Data block =
────────────────────────────────────────
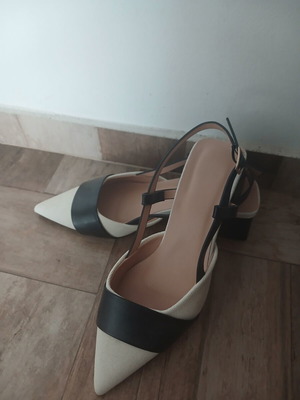 Low heel women's shoes size 37, black and beige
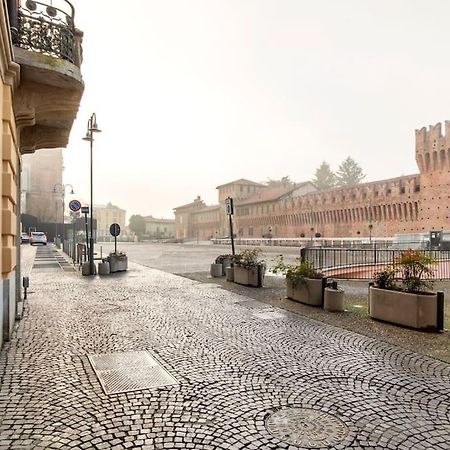 Al Castello Lägenhet Galliate Exteriör bild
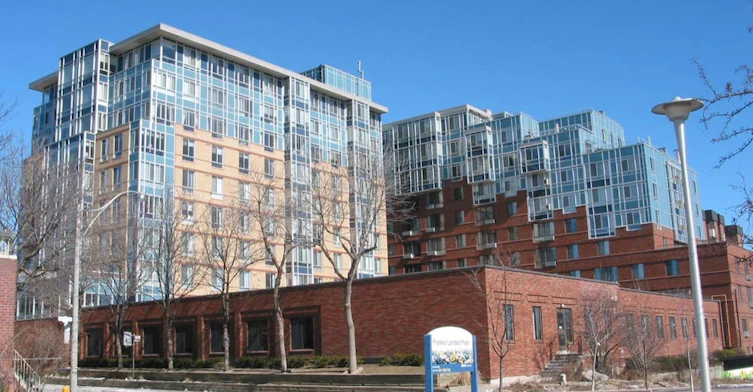 602 Melita Crescent, Toronto, ON M6G 3Z5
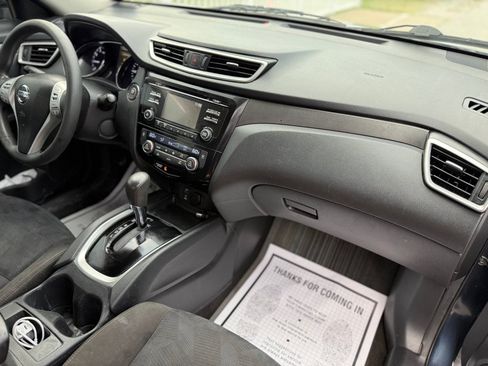 Used 2015 Nissan Rogue SV AWD/4WD image 13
────────────────────────────────────────
Required action =
Print the listing exactly, minus any pictures.

Exercise output =
 Low heel women's shoes size 37, black and beige
 Al Castello Lägenhet Galliate Exteriör bild
 602 Melita Crescent, Toronto, ON M6G 3Z5
 Used 2015 Nissan Rogue SV AWD/4WD image 13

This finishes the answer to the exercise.